▶ _ACTION ITEM_: Starting from the line with "showing 100% finished." and going up to and including the line with "Once you've made", copy the listing below exactly. Leave all images out.

▶ _DATASET RECORDS_:
————————
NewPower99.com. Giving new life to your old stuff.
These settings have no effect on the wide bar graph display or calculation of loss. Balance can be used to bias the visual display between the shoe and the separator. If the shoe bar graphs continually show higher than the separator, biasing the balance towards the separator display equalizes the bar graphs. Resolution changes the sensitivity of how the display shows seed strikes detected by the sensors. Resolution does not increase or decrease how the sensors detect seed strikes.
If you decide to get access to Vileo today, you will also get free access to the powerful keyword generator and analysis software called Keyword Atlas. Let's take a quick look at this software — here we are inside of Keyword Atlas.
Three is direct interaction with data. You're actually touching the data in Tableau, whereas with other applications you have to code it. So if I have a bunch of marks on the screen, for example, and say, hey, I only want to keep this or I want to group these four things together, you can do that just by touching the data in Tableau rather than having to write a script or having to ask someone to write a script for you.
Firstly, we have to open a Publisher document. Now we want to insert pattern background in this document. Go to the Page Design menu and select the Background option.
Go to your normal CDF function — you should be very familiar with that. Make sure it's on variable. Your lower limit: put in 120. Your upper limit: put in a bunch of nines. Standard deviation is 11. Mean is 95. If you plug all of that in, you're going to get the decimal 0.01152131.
————————
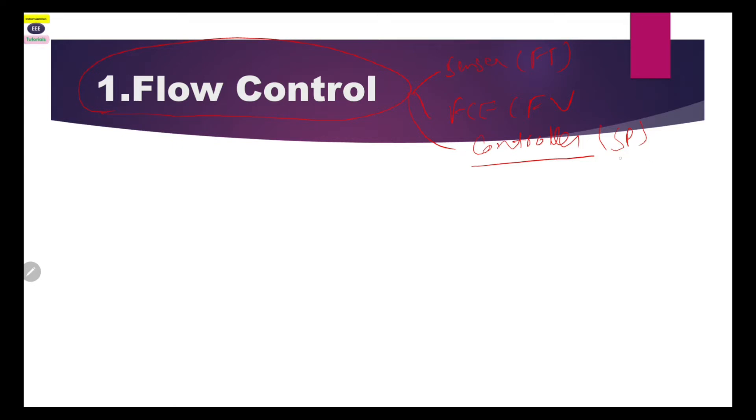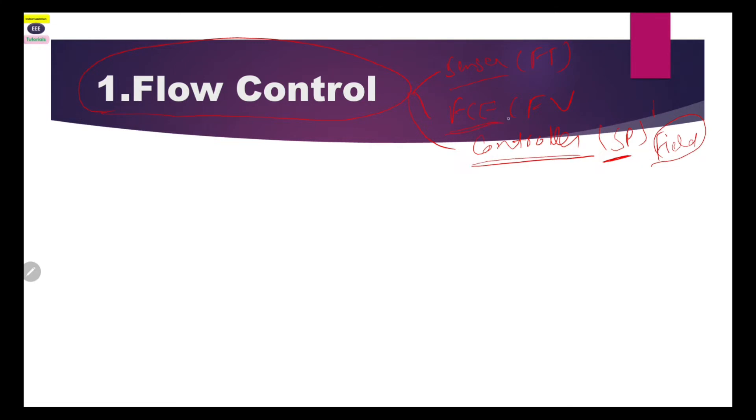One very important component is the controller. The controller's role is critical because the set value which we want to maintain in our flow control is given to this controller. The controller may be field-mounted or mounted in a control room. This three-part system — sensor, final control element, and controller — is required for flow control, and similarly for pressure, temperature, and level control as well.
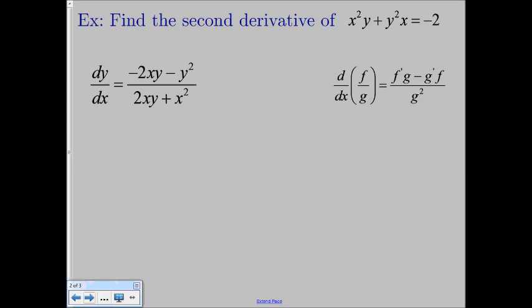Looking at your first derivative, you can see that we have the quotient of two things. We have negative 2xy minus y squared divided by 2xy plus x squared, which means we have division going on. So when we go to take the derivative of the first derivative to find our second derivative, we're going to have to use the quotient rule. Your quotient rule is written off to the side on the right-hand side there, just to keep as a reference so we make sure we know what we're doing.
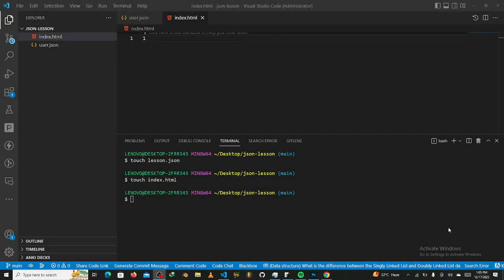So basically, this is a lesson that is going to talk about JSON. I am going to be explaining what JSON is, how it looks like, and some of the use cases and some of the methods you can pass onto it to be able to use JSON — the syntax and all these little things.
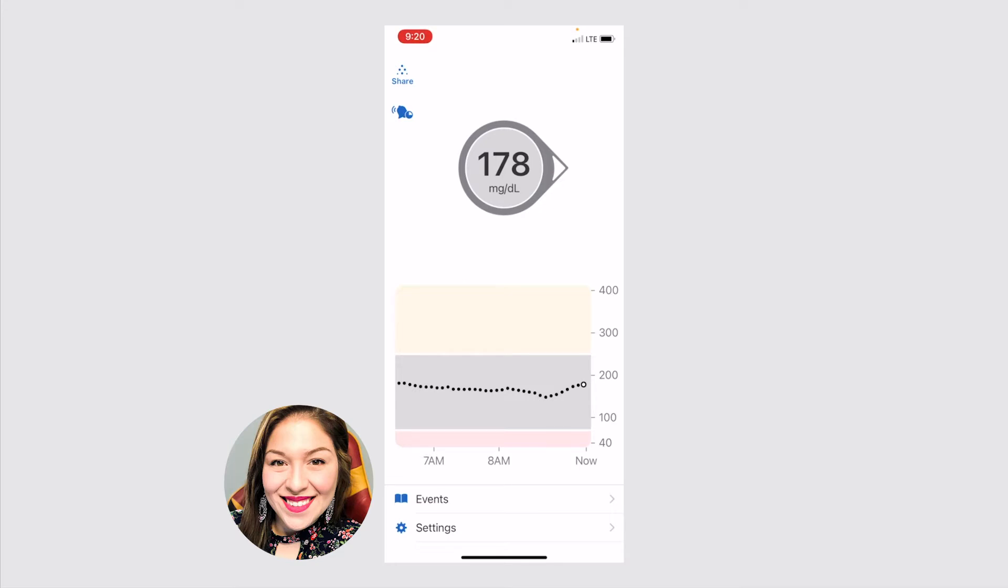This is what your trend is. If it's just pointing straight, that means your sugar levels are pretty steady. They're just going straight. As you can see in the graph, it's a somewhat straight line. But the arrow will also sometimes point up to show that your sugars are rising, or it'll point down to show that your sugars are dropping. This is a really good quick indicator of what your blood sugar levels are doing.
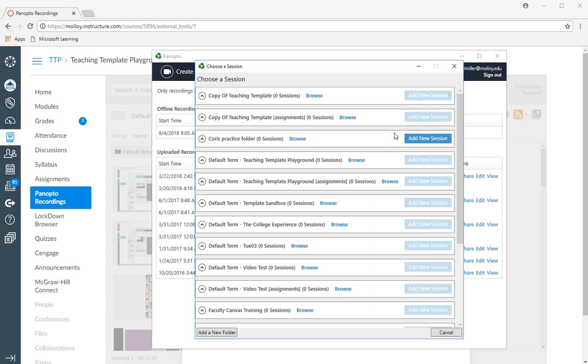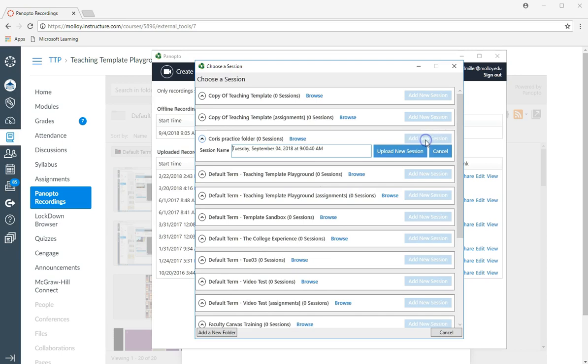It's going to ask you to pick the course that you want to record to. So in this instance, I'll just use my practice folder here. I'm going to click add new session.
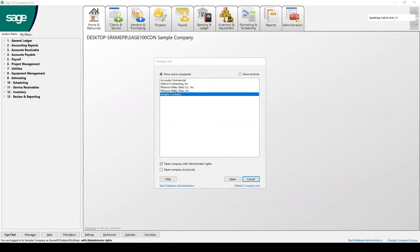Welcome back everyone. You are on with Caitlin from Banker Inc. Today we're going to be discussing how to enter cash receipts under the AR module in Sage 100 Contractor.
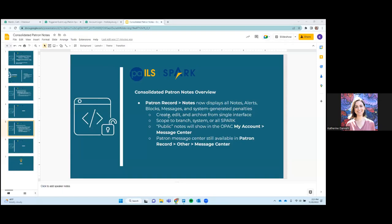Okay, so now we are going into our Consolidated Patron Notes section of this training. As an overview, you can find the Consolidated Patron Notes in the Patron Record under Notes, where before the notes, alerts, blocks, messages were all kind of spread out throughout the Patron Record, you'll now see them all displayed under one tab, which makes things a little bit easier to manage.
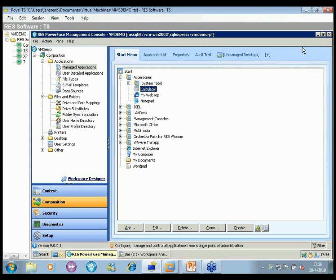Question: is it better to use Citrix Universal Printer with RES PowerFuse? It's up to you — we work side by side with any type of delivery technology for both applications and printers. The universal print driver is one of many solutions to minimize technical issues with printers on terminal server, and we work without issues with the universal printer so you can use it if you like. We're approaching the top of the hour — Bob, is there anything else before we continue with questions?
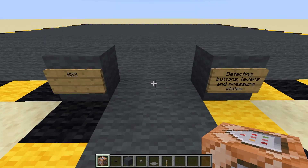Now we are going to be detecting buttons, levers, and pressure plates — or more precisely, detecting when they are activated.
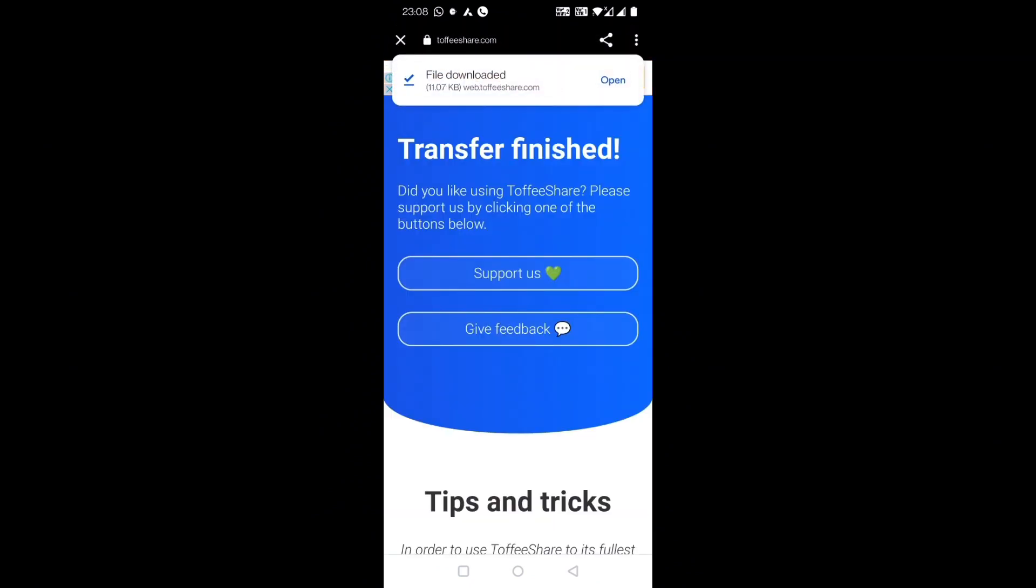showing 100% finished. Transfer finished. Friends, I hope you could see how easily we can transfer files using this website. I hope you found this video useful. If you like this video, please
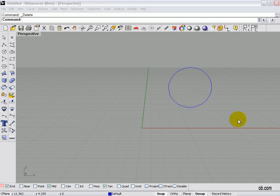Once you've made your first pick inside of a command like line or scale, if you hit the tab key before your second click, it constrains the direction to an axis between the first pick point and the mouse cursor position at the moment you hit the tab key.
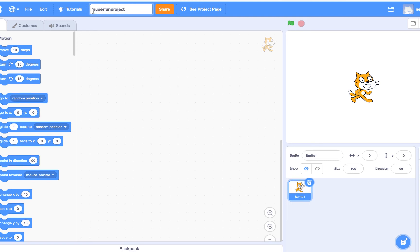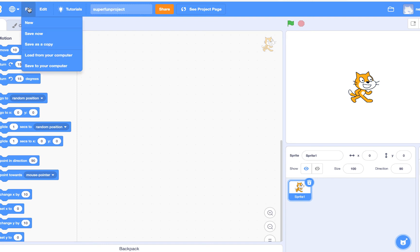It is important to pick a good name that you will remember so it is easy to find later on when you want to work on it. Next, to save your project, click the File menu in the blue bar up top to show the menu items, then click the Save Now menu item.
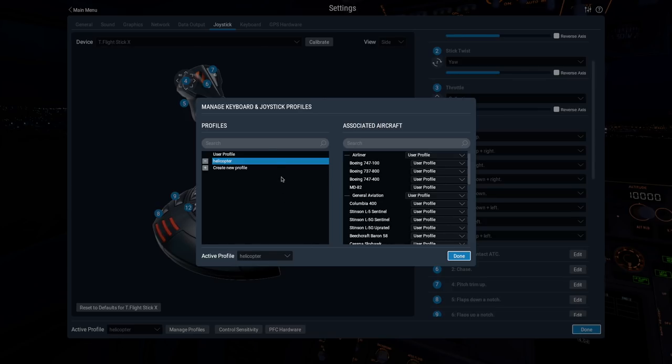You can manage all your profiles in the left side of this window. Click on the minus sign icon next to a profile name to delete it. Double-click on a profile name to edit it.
————————
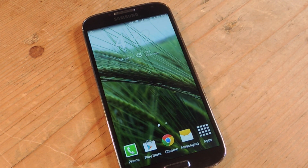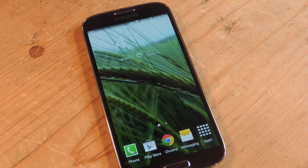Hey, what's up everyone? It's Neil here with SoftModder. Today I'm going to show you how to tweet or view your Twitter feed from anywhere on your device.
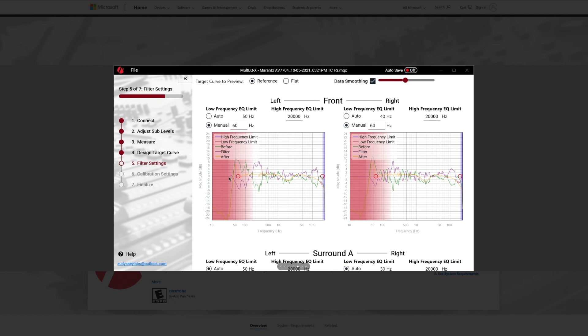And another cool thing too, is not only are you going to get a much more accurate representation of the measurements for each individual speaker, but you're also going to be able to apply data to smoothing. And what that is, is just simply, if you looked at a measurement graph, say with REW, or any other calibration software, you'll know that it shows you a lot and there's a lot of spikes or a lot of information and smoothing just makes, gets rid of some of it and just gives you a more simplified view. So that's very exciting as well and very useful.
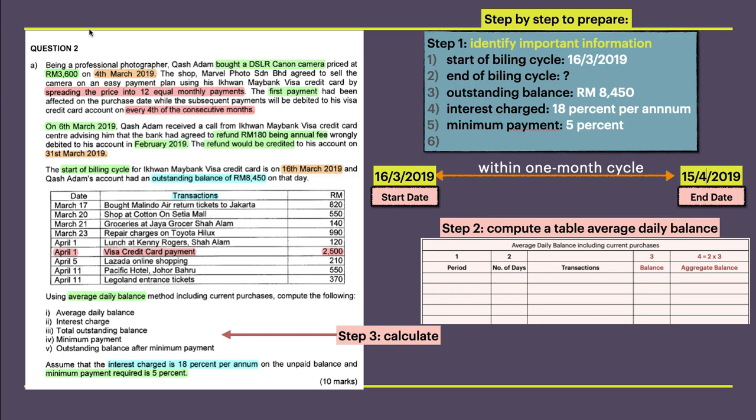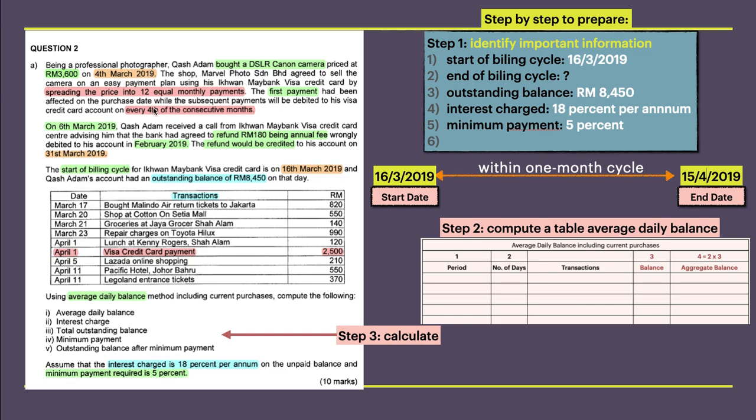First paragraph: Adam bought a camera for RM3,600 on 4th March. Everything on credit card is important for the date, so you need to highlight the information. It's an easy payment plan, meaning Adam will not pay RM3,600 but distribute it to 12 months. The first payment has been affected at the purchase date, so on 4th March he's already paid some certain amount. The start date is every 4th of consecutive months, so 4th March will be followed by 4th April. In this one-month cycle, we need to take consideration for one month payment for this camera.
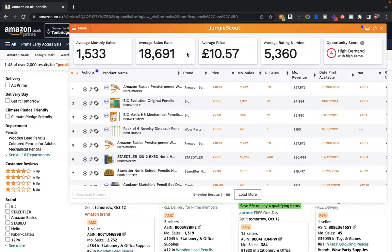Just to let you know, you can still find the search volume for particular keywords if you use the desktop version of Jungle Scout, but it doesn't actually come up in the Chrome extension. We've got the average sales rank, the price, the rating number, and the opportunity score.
————————
▶ _RESPONSE_:
showing 100% finished. Transfer finished. Friends, I hope you could see how easily we can transfer files using this website. I hope you found this video useful. If you like this video, please
Once you've made your first pick inside of a command like line or scale, if you hit the tab key before your second click, it constrains the direction to an axis between the first pick point and the mouse cursor position at the moment you hit the tab key.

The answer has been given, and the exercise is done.